不料石彦章早已察觉,转身就是一道血咒,田一健想要闪避,却已来不及。一个血色法阵侵入体内,他整个人失重从半空摔落。底下的人看的是惊心动魄,尖叫连连。这回连云琰都来不及救他,眼看他将要摔死。

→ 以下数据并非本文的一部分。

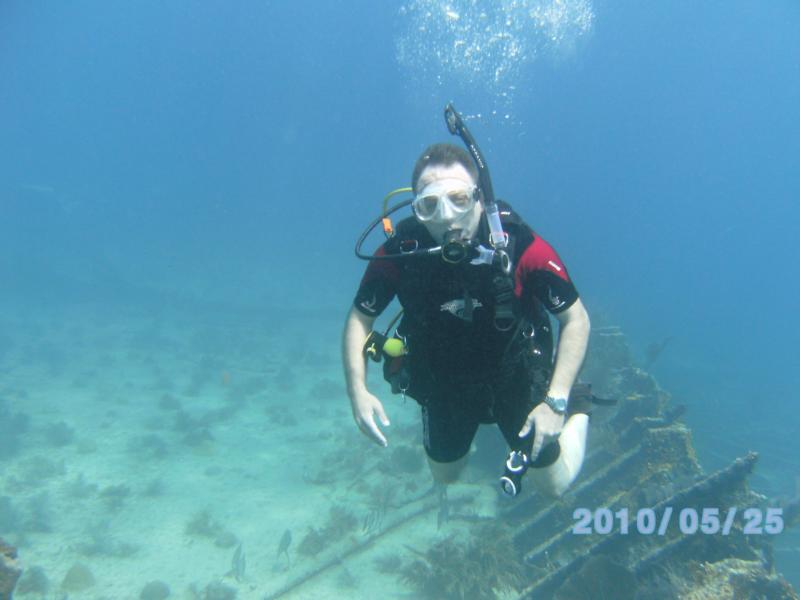 Benwood Wreck, Key Largo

突然,不知从哪儿飞出一只体型庞大的六尾白狐,正好用脊背把田一健接住,向云琰这儿着陆。
“是银月姬大人。”榎激动道。
“小子,下来吧!”白狐的眉心处也有一个银月。
“哇,好大个儿,我也想养一只。”葱陌羡慕无比,不断抚摸着白狐的毛发。
“你这熊孩子,别瞎拔我的毛!”白狐叫道。
“小陌,快把手拿开。”云琰连忙拉回了葱陌的手。葱陌闻着散发出体香的绒毛。
“银月姬,麻烦你再驮上去,我还想和他打一次!”田一健刚说完便从嘴里吐出一口血。
“你都伤成这样了还想打?”白狐说。
“还是我去吧。”云琰说。
“算了,本主可不是随便被人骑的!”
云琰心想:“这句话怎么听着这么别扭呢?你迟早还不是要被老公骑的。”
还不等他们商量完,白龙调头快速向他们飞来。白龙两爪挥舞,一爪便抓碎了一块巨石,大家四散开去。白狐一惊,双爪撑开,只得向后一跃。白龙怒急攻心,俯首疾冲。白狐一避,甩出了一道尾巴。白龙竟是存心拚命,对白狐的尾巴不架不闪,一爪抓开白狐身子,他自己也削掉了一层龙鳞。
云琰见银月姬根本不是白龙的对手,便飞上去帮忙。这时白龙攻势凌厉,时而挥舞双爪,时而摆动尾巴。白狐完全没有反击的机会,被迫得连连倒退,口中骂道:“混蛋,这家伙已经盯死我了。”白龙一招“神龙摆尾”席卷了周边一切。白狐眼见就要命丧龙尾之下,云琰突然杀出,召唤起地上的水形成一道龙卷风。龙尾一把打散了水势,同时也减缓了自身的力道。白狐看得触目惊心,趁机飞到空中。
石彦章见云琰出现,转而又驾驭着白龙,朝他攻过去。
白狐缓了一口气,说道:“算了,云琰,你快下来,你打不过他。”云琰一道气刃射去,白龙用爪抵御,不料被削断了一根爪子。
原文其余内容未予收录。